Thursday, August 13, 2015

Laravel beginner tutorial. Traits and facades

Start working with Laravel:

Laravel is offering an already configured virtual machine with everything is needed to learn it, but  for some reason you may not be able to use a virtualized environment (I am in this situation). So I will install Laravel on Windows in my EasyPHP Devserver 14.1 VC11 with PHP 6.

Installing Laravel on Windows
-following on the official documentation found here: http://laravel.com/docs/5.1/installation#basic-configuration
-composer command:

    composer create-project laravel/laravel "C:\...your preffered installation path"

After this, create a virtual host which is pointing to "public" folder under root Laravel project path.
I've heard good things about video tutorials on Laracasts but I prefer a written one.I found the site learninglaravel.com which gives you access for free at most of the content (registration needed):

1. basic routing, controllers and views:  http://learninglaravel.net/laravel5/building-our-first-website
2. authentication   -  some part of the authentication tutorial si available only for paid user so I had to figure it out myself using this tutorial:

      https://laraveltips.wordpress.com/2015/06/15/how-to-make-user-login-and-registration-laravel-5-1
and official documentation at: http://laravel.com/docs/5.1/authentication#included-authenticating

Traits:

In the Authentication process  are used traits. Is the first time when I used the concept so I did a little bit of research:
From PHP manual:   As of PHP 5.4.0, PHP implements a method of code reuse called Traits. 

Traits are a mechanism for code reuse in single inheritance languages such as PHP. A Trait is intended to reduce some limitations of single inheritance by enabling a developer to reuse sets of methods freely in several independent classes living in different class hierarchies. The semantics of the combination of Traits and classes is defined in a way which reduces complexity, and avoids the typical problems associated with multiple inheritance and Mixins. 

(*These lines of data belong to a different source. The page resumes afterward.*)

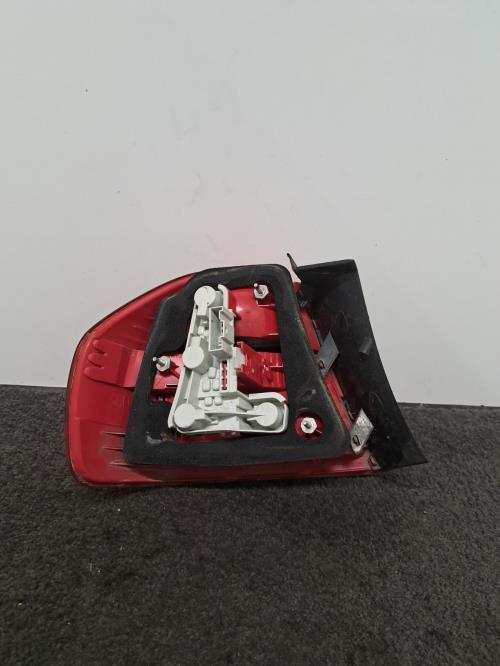 Image Feu arriere principal droit (feux) - BMW SERIE 3 E90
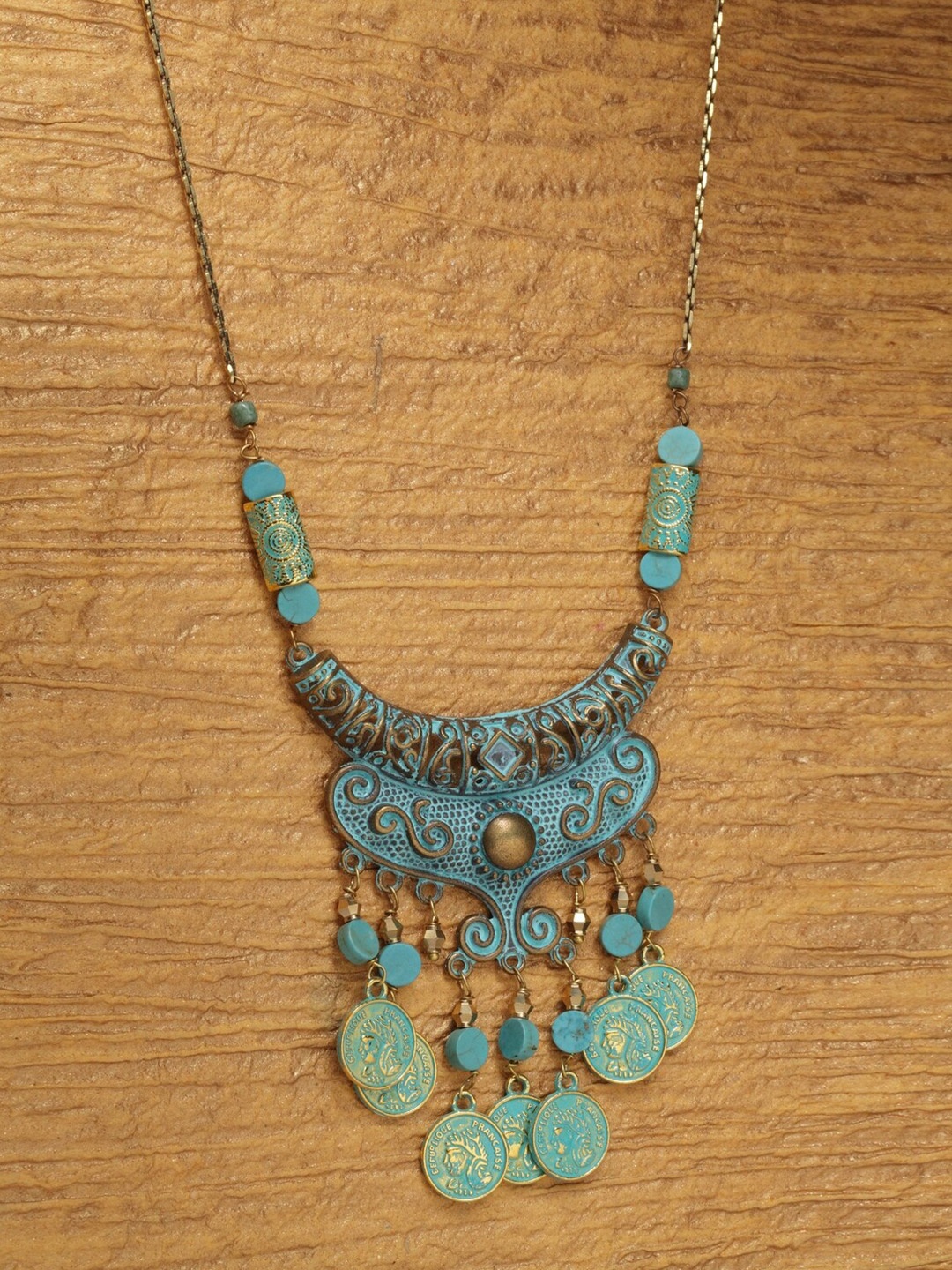 

Sangria Gold-Plated Tasselled Necklace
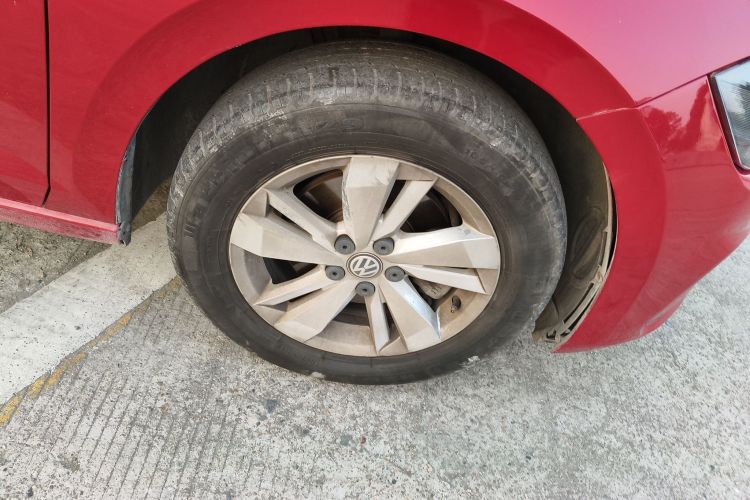 大众 Polo 2019款 Plus 1.5L 自动全景乐享版车身外观10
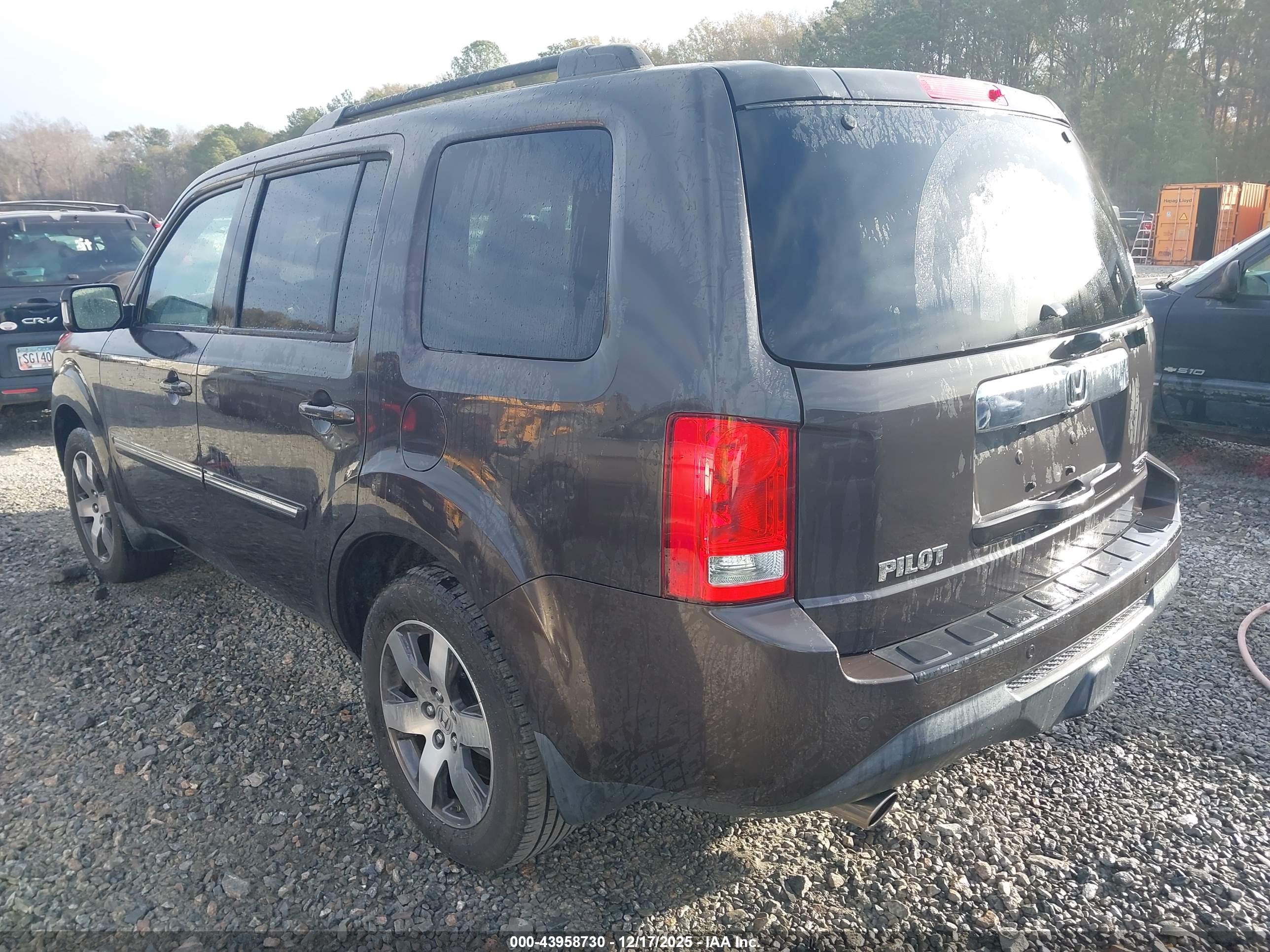 HONDA PILOT image 3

A Trait is similar to a class, but only intended to group functionality in a fine-grained and consistent way. It is not possible to instantiate a Trait on its own. It is an addition to traditional inheritance and enables horizontal composition of behavior; that is, the application of class members without requiring inheritance. 

Facades:

From http://laravel.com/docs/5.0/facades 
Facades provide a "static" interface to classes that are available in the application's service container. Laravel ships with many facades, and you have probably been using them without even knowing it! Laravel "facades" serve as "static proxies" to underlying classes in the service container, providing the benefit of a terse, expressive syntax while maintaining more testability and flexibility than traditional static methods.